Unmittelbare Politik- oder Systemwechsel sind jedoch nicht das einzige Resultat, das Proteste nach sich ziehen können. Gerade in Staaten mit starken obrigkeitsstaatlichen bis autoritären Traditionen können Proteste mittel- und langfristig jenseits der unmittelbaren Ergebnisse dazu beitragen, überhaupt eine Protest- und Streitkultur zu etablieren.
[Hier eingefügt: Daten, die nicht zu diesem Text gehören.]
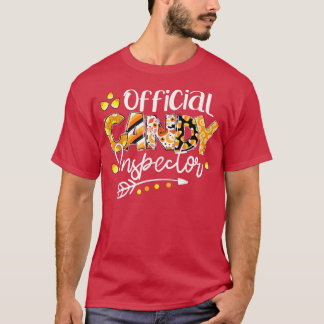 Offical Candy Inspector Candy Corn Kids Halloween  T-Shirt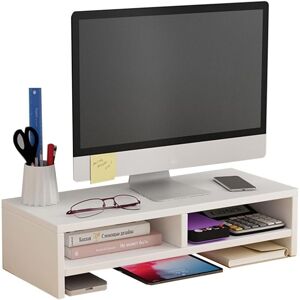 ANPVIZ Wooden Monitor Stand, Desktop Storage, Computer Monitor Riser, Desk Organizer, Multifunctional Monitor Shelf with Storage Compartment, White, ANPVIZ Wooden Monitor Stand, Desktop Storage, Computer Monitor Riser, Desk Organizer, Multifunctional Monitor Shelf with Storage Compartment, White,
Wo Protest ist, ist Repression nicht weit
Das dürfte einer der Gründe dafür sein, dass die Meinungs- und Versammlungsfreiheit vielerorts nach wie vor massiv eingeschränkt wird, auch wenn die Herrschenden aufgrund der gegebenen Machtverhältnisse keine unmittelbaren Schäden für ihre Position zu fürchten haben. Einen Überblick dazu gibt die Protest Map von Amnesty International. Diese listet diverse Einschränkungen zivilgesellschaftlicher Proteste weltweit auf. Hierzu zählen die Aktivist*innen von Amnesty den Einsatz von Polizeigewalt, Folter und willkürliche Inhaftierungen ebenso wie eine Rahmung von Protest als Gefahr für die öffentliche Ordnung. Insgesamt, so die Menschenrechtsorganisation, sei eine Zunahme repressiver Maßnahmen gegenüber Protestierenden zu verzeichnen. Mit Blick auf Deutschland kritisiert Amnesty vor allem die ihres Erachtens zu einschränkenden Versammlungsgesetze einiger Länder, beispielsweise diejenigen Bayerns und Nordrhein-Westfalens. Darüber hinaus wird das Vorgehen des staatlichen Sicherheitsapparats im Rahmen einzelner Demonstrationen moniert, etwa im Zuge der Klimaproteste in Lützerath.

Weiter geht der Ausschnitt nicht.